• _RECORD EXCERPTS_:
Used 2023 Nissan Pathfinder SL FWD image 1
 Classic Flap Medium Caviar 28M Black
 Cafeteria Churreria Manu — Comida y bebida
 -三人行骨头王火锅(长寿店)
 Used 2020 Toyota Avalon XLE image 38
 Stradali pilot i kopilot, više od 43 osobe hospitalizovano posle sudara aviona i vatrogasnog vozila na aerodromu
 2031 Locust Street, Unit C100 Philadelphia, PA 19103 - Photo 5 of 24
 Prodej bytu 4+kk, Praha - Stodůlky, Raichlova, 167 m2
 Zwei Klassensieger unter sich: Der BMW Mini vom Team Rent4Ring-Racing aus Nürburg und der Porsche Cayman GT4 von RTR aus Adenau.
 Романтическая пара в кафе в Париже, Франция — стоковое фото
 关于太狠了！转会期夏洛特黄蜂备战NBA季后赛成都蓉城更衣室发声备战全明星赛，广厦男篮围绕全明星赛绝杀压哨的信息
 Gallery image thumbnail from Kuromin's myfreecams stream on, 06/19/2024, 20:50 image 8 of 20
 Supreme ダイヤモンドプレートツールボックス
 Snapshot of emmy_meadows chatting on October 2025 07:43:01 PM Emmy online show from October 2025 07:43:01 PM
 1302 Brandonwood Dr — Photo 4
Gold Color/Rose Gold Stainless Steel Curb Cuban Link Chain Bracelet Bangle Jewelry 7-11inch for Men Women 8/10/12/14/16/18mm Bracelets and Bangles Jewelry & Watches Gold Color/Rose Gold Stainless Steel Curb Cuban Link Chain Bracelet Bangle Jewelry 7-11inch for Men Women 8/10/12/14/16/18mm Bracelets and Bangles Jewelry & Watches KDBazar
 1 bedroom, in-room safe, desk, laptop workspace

• _ABOUT THIS EXERCISE_: Which of the lines above carry the string "from"? Copy every one.

• _OUTPUT FOR THIS TASK_:
 Gallery image thumbnail from Kuromin's myfreecams stream on, 06/19/2024, 20:50 image 8 of 20
 Snapshot of emmy_meadows chatting on October 2025 07:43:01 PM Emmy online show from October 2025 07:43:01 PM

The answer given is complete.